◆ **Exercise input**:
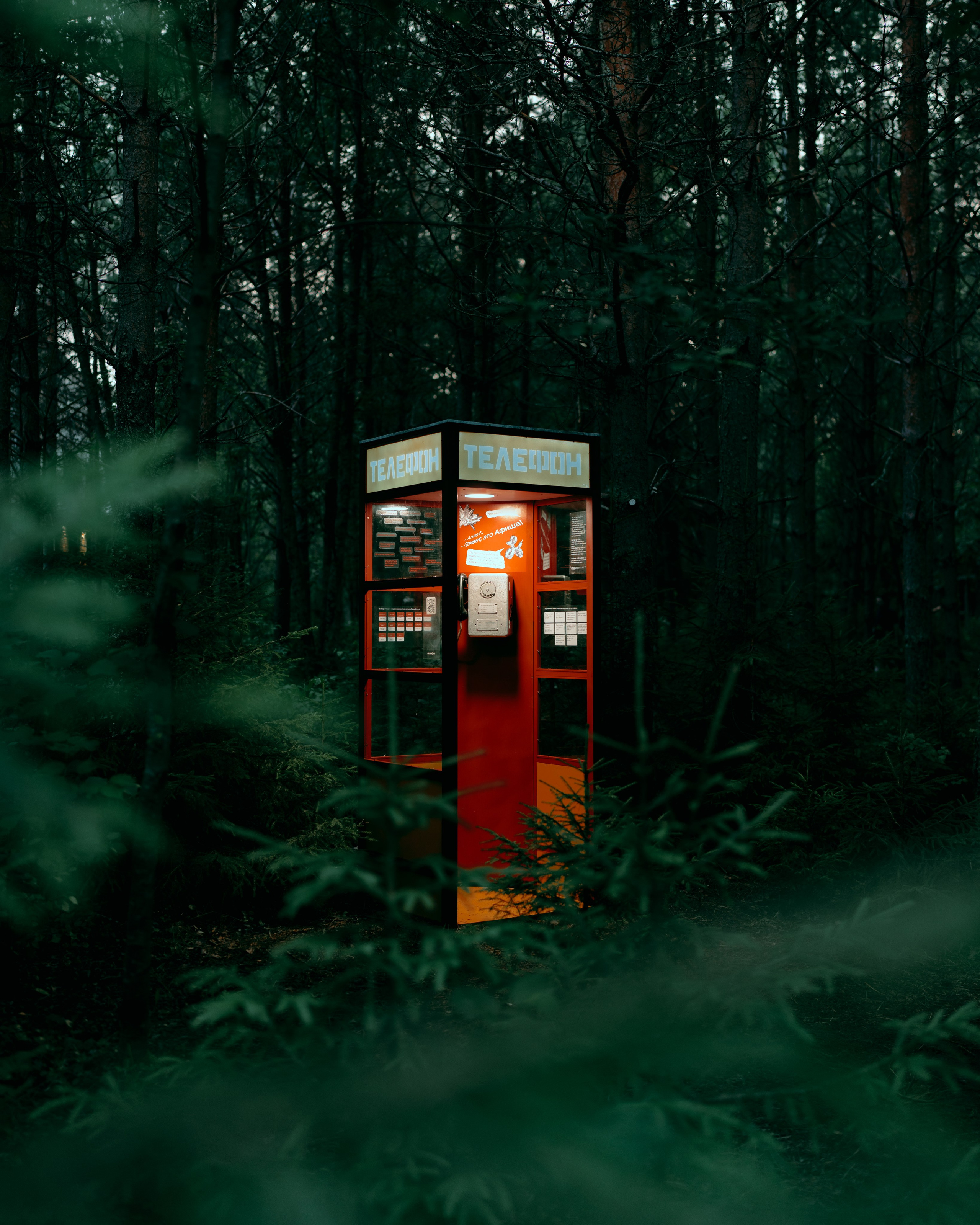 Outline 2024. @tomrus: Рустам Шагиморданов — фотограф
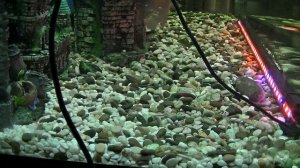 ? ЭЛЕКТРИЧЕСКИЙ СИФОН ДЛЯ АКВАРИУМА ? РЕАЛЬНЫЕ ИСПЫТАНИЯ ? // Кабанчик24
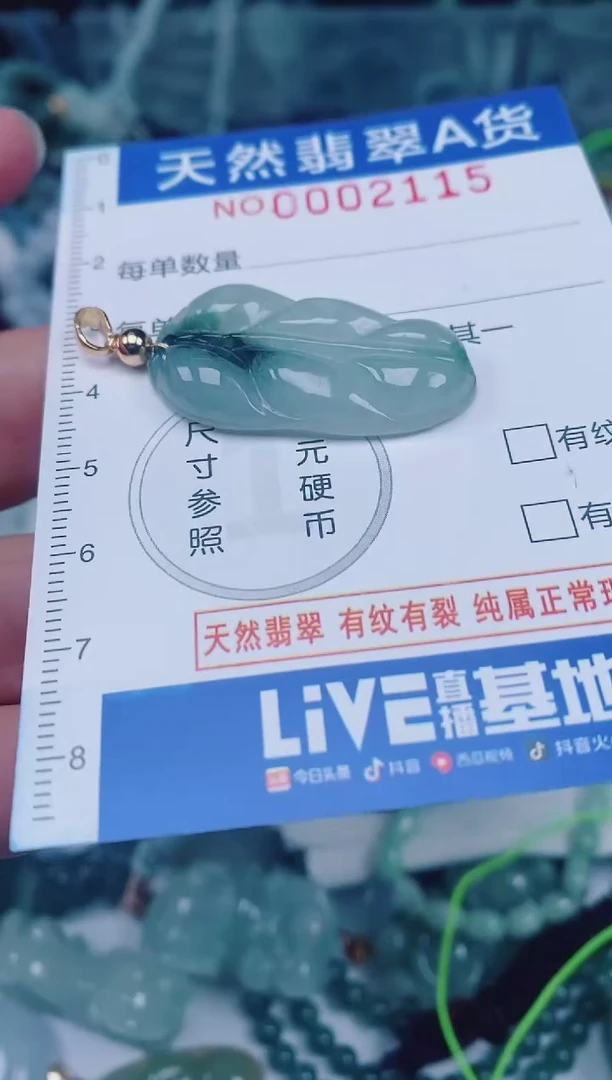 颈饰未镶嵌翡翠00002115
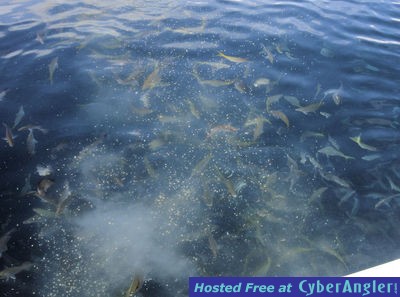 Click to Enlarge Photo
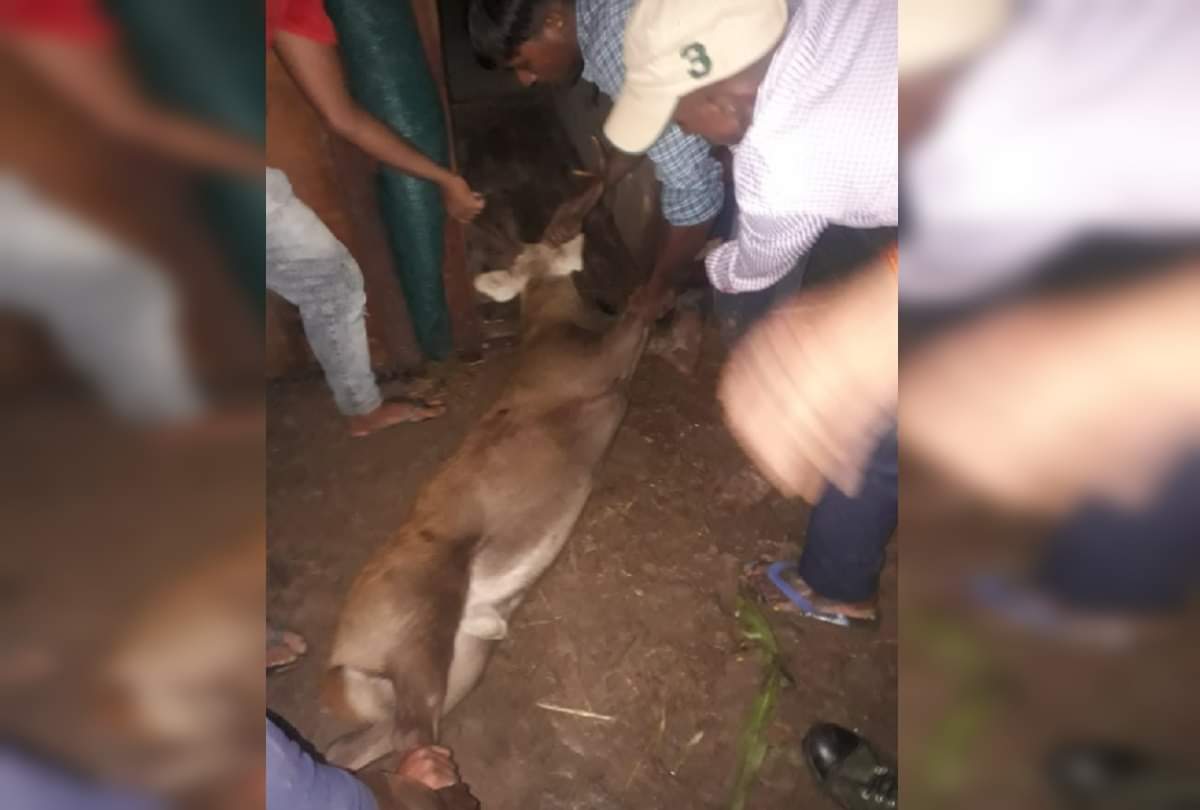 Forest workers became ruthless in controlling deer at Gorakhpur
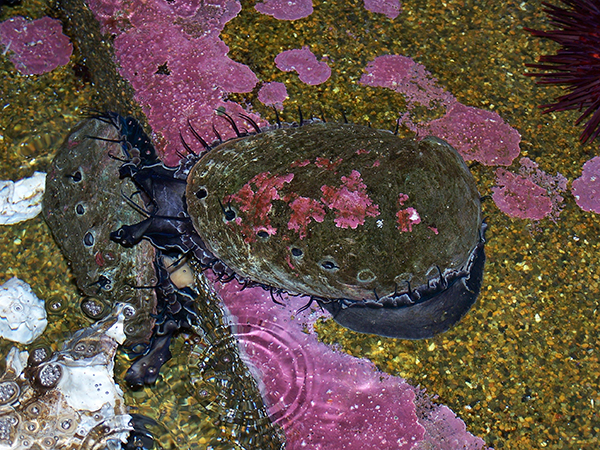 two black abalones in a tide pool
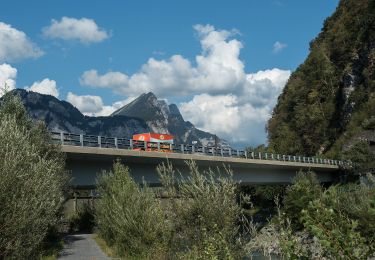 Excursión A pie Glarus Nord - Linthmündung - Mülital - Photo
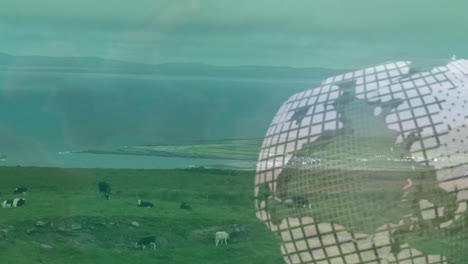 Black-and-white cows being shown grazing on green coastal hillside, mesh grid overlaying right side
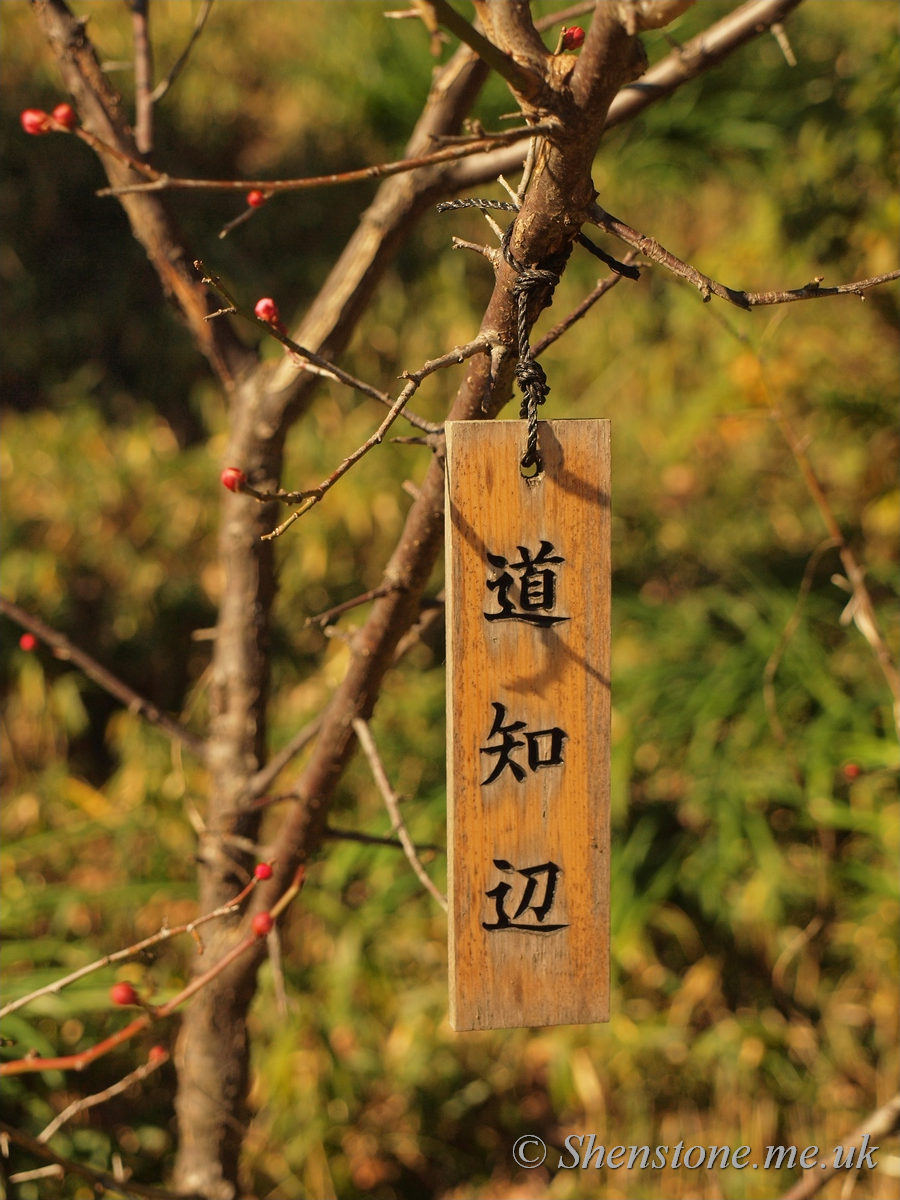 Koishikawa Korakuen Gardens, Tokyo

◆ **Problem**:
Go to the line that contains "ИСПЫТАНИЯ ? // Кабанчик24" and copy it and every line after it through the end of the entries, exactly, without the pictures.

◆ **Answer box**:
 ? ЭЛЕКТРИЧЕСКИЙ СИФОН ДЛЯ АКВАРИУМА ? РЕАЛЬНЫЕ ИСПЫТАНИЯ ? // Кабанчик24
 颈饰未镶嵌翡翠00002115
 Click to Enlarge Photo
 Forest workers became ruthless in controlling deer at Gorakhpur
 two black abalones in a tide pool
 Excursión A pie Glarus Nord - Linthmündung - Mülital - Photo
 Black-and-white cows being shown grazing on green coastal hillside, mesh grid overlaying right side
 Koishikawa Korakuen Gardens, Tokyo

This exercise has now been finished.